And then Kris shared his story. “It’s been three years she’s been on my mind, but I just can’t tell her. I was at work when someone had baked this amazingly delicious cake. I took a bite and asked every one who made it. They all pointed at her. When I saw her for the first time, I stopped in my tracks. I’ve seen a lot of women but this was different. What I feel just being in her presence……. She’s kind, radiant and like no other.”
” What?? Three years and you haven’t told her, why?? you have to tell her.”, I say unable to contain my expressive self.
“No, do you not remember how it ended with my last girlfriend? What if she doesn’t feel the same way? What if she says no? I don’t want to hear it. What if she has someone one else? I really can’t put myself through the pain or rejection again. Then again not everyone gets what they want.”
“No,you get what you ask for and what you believe you’ll get, if you risk everything to get it, and that includes your heart.”, I say.
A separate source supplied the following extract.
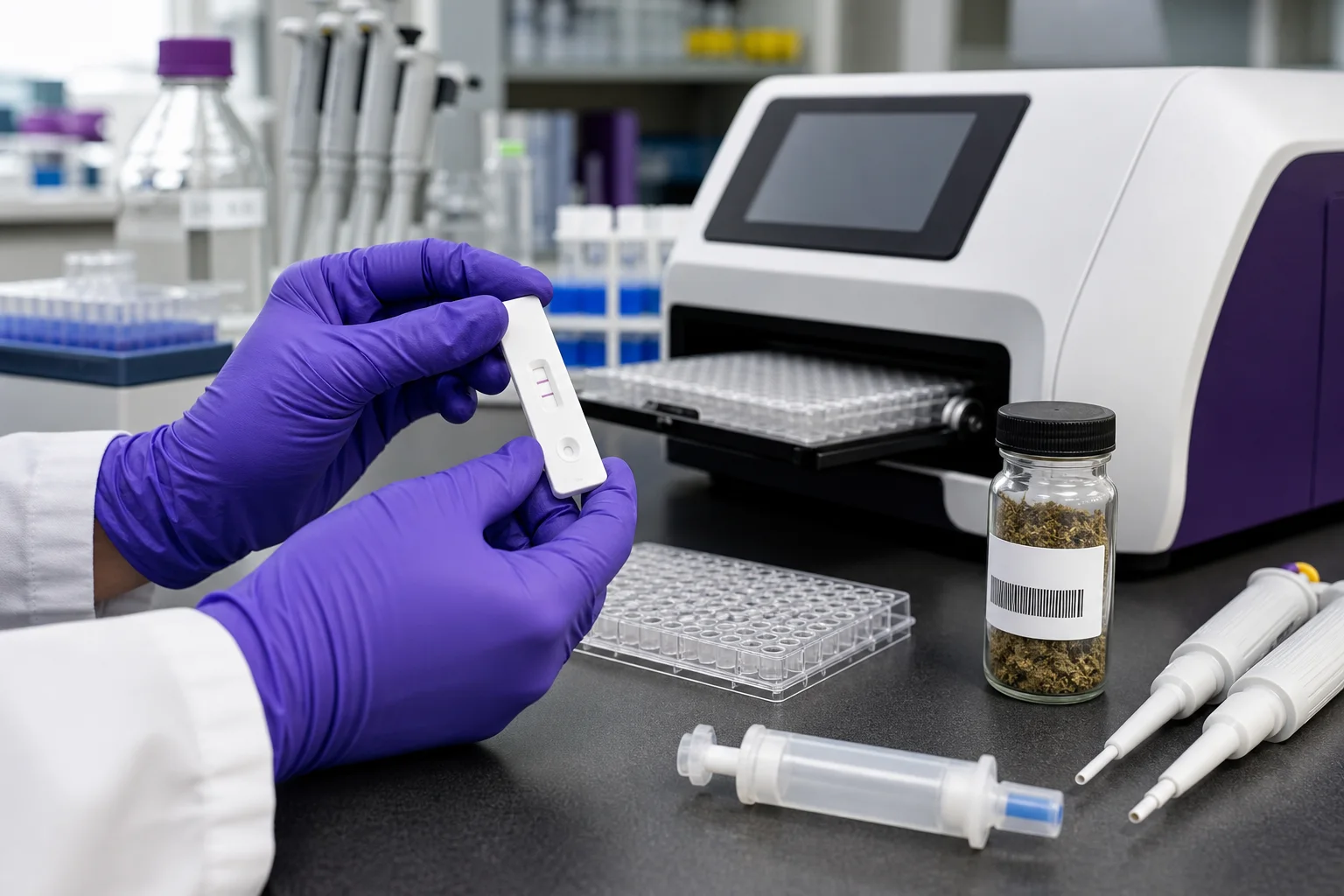Immunoassay strip and ELISA plate on a lab bench with pipettes and a sample vial; no readable text.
I sound so confident, so full of faith but I’d be lying to him and myself if I said I hadn’t experienced the same stone-cold fear, deep aching hurt and terrifying confusion after my first heartbreak. I was 21, my heart ripped open that I turned over to God who with time and his majestic love, made it whole again. He taught me that only those who had the power to touch our soul, had the power to break it open in such a way, that only then could we ever peer into it and slowly over time discover it’s power, magic and love. Only then would we listen to its dreams, truths and what it yearns for. Only retrospectively can I understand that it was a blessing I had deemed as a curse.
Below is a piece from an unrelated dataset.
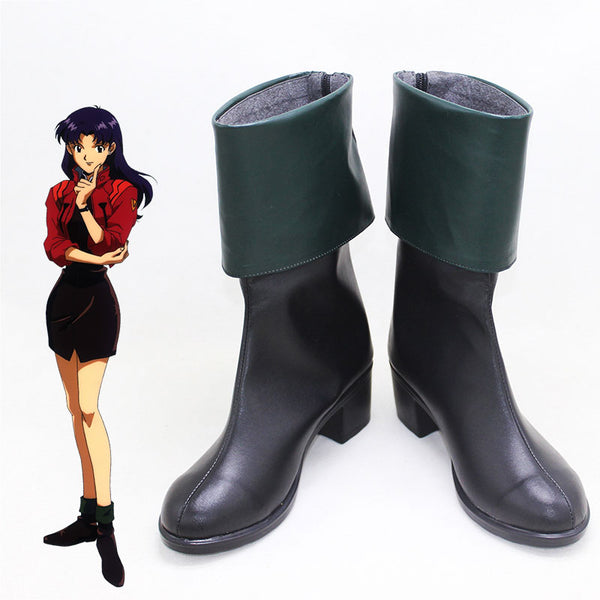 Neon Genesis Evangelion EVA Misato Katsuragi Black Green Cosplay Shoes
Consider this my dear friend, God does with the human heart what he did with the world’s most magnificent mountain ranges, The Himalayas; the earth lay low, resting blissfully in the sun and for no particular reason, He decided to disrupt the peaceful lands with a mighty earthquake. The earth would have let out a long terrified cry, confused as it trembled, but from it was born the world’s mightiest mountains that towered into the sky. Only such utter disruption could allow the earth’s mighty heart to reach into the clouds. I know you’re afraid my friend. Believe me in one way or another we all are. I sure as hell am for my own heart, but there’s an awesome invisible hand leading us through the mystery, that we must trust.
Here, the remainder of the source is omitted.